### What you should do
Copy out precisely the lines of the material that follows, beginning with the line containing "Remarkable 3-bed House in Sheffield" and ending with its last line; exclude pictures.

### Data section
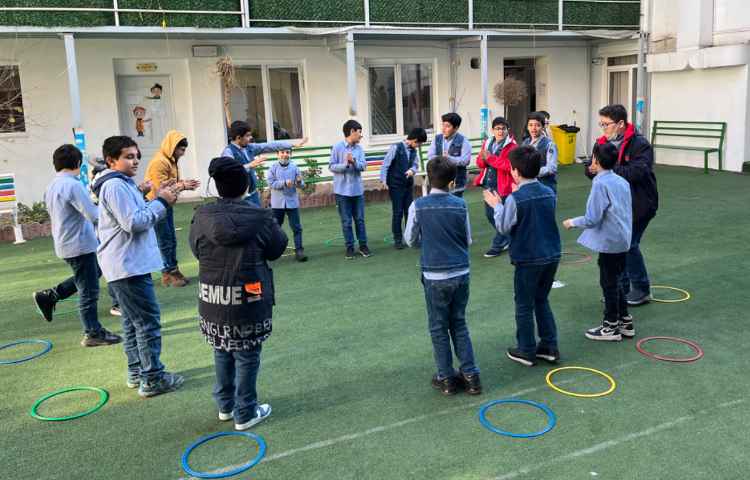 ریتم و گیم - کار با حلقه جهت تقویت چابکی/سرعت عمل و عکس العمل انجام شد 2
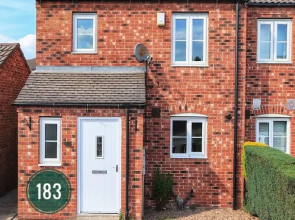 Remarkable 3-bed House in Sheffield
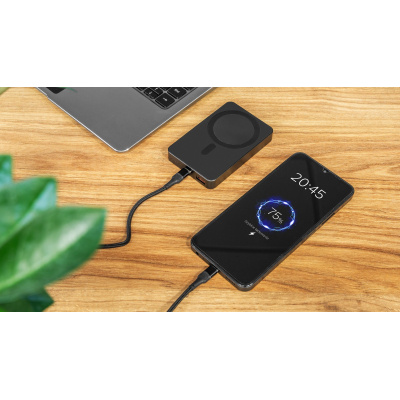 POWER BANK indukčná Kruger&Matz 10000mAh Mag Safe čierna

### Result below
 Remarkable 3-bed House in Sheffield
 POWER BANK indukčná Kruger&Matz 10000mAh Mag Safe čierna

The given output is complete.